Twenty-four innovative projects in Delaware, Maryland, New York, Pennsylvania, Virginia, West Virginia and the District of Columbia have received a total of $12.9 million in grants from the Bay Program and the National Fish and Wildlife Foundation to reduce nutrient and sediment pollution to the local streams, creeks and rivers that flow to the Chesapeake Bay.
The grants for these projects were awarded through the Chesapeake Bay Stewardship Fund, which provides up to $1 million to innovative and cost-effective projects that dramatically reduce or eliminate the flow of nitrogen, phosphorus and sediment pollution into local waterways and the Chesapeake Bay.
“These innovative projects will have lasting benefits for the Chesapeake Bay and its network of rivers and streams, especially when you consider that they can be duplicated in communities throughout the entire watershed,” said William C. Early, acting regional administrator in EPA’s mid-Atlantic region.
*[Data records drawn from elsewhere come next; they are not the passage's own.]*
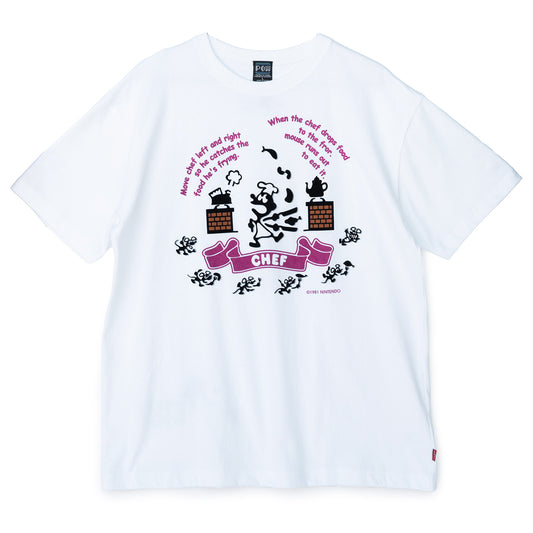 ELECTRONIC POCKET / シェフ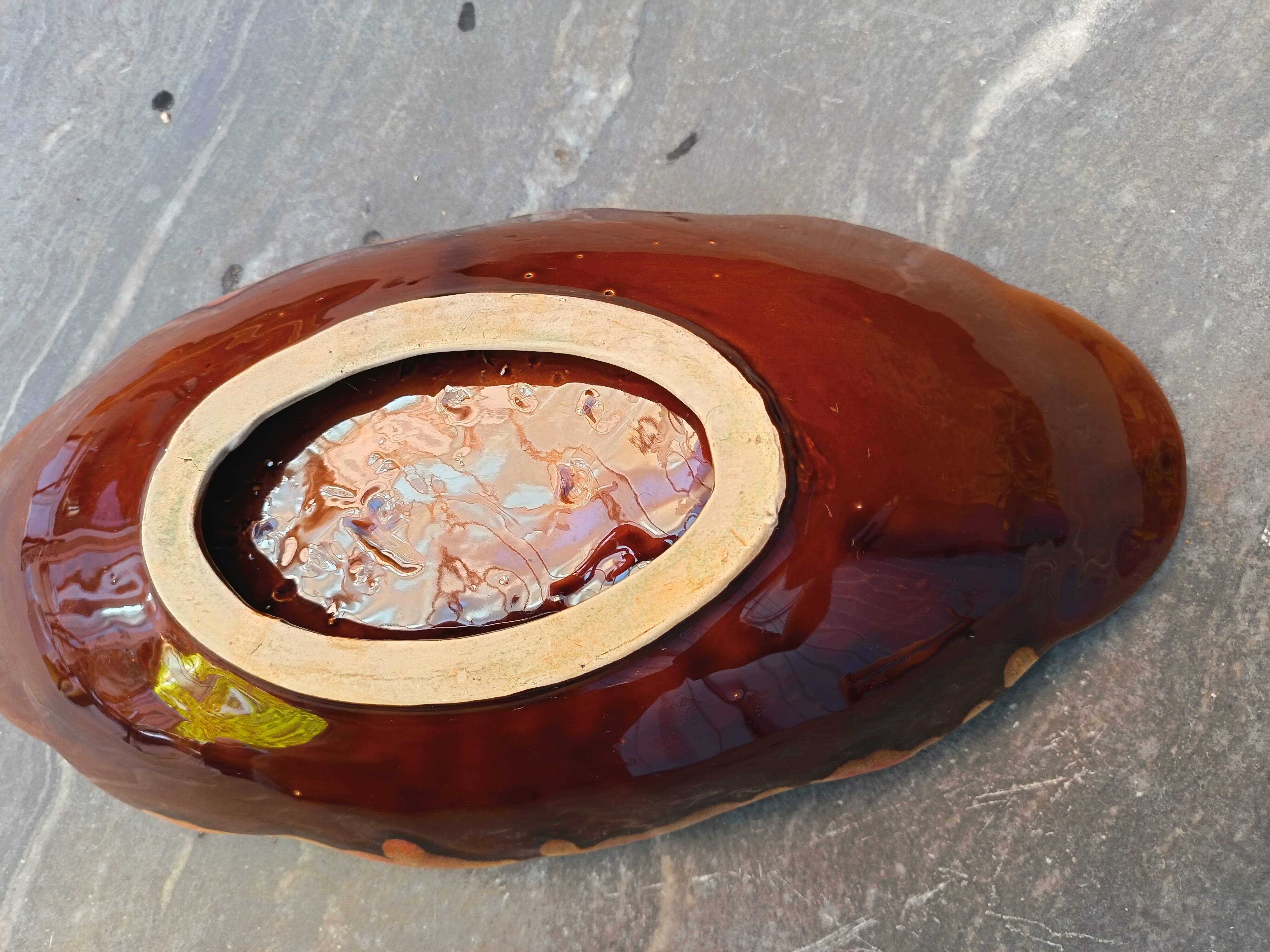 Fruit bowl Vallauris - 1970s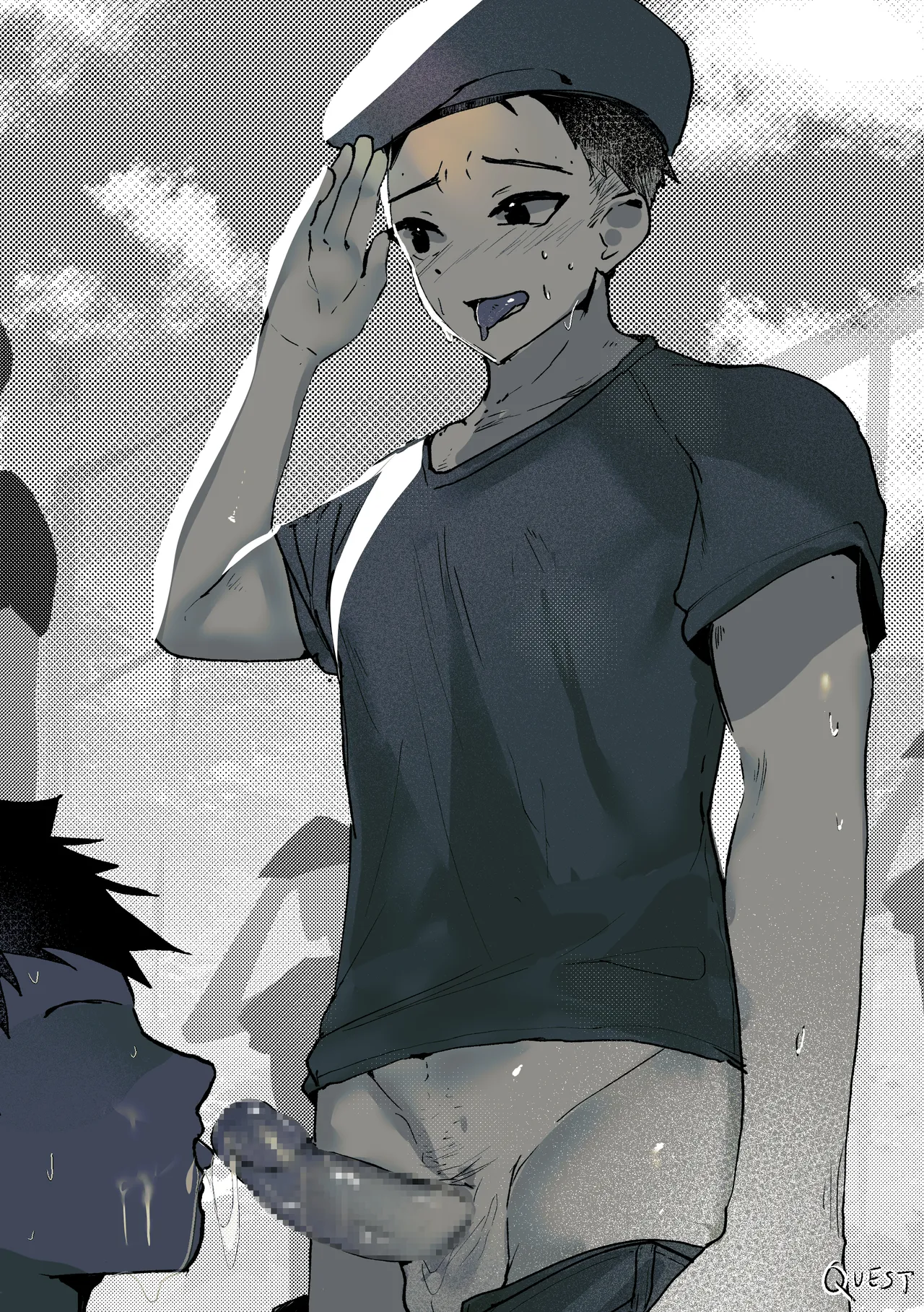 pixiv クエスト Quest 90655652 Deleted - Image 4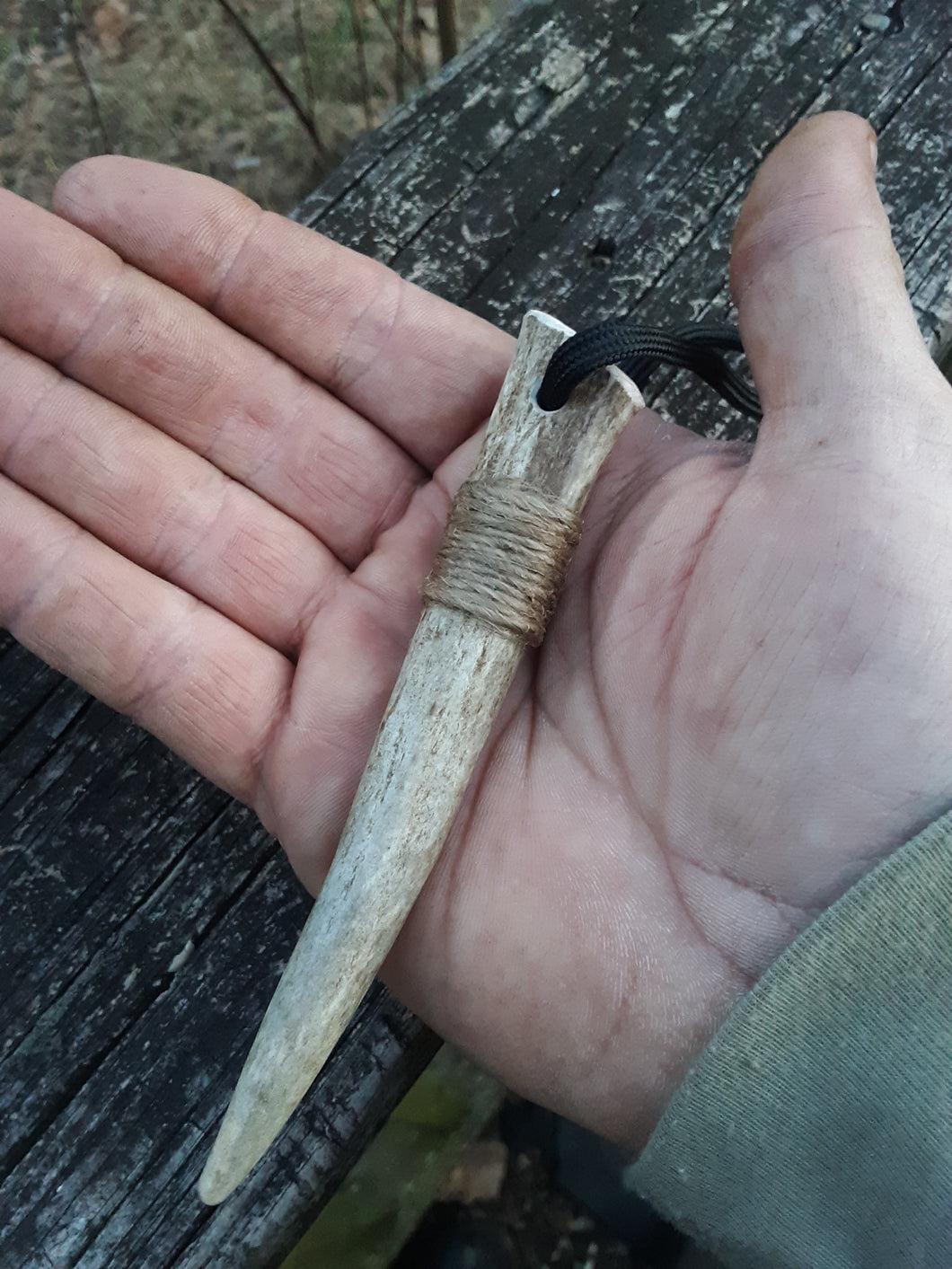 SDT Antler fobs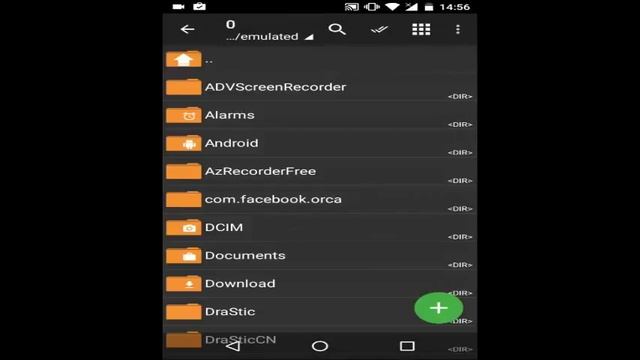 Abrir Drastic nds en Android 7.0 Nougat Oreo смотреть онлайн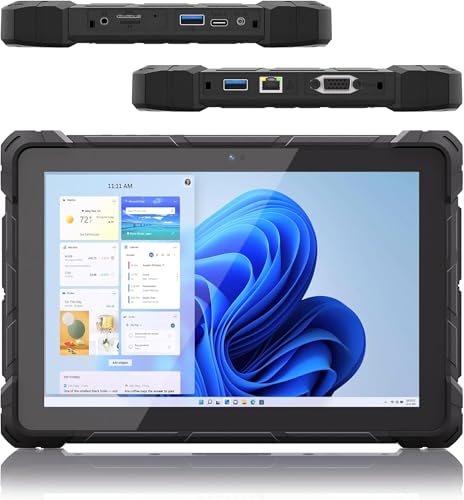 Amazon.co.jp: HigolePC 堅牢タブレット 10.1インチ 【4G LTE/NFC/GPS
The Chesapeake Bay Stewardship Fund is administered by the National Fish and Wildlife Foundation and funded by the EPA’s Chesapeake Bay Program. This year's grant recipients provided an additional $19.4 million in matching funds.
“These projects continue to stretch how we think about agricultural strategies that are good both for the Chesapeake and for the farmer’s bottom line, and stormwater strategies that ensure that those of us who live in cities and suburbs do our part as well,” said Tom Kelsch, director of conservation programs for the National Fish and Wildlife Foundation.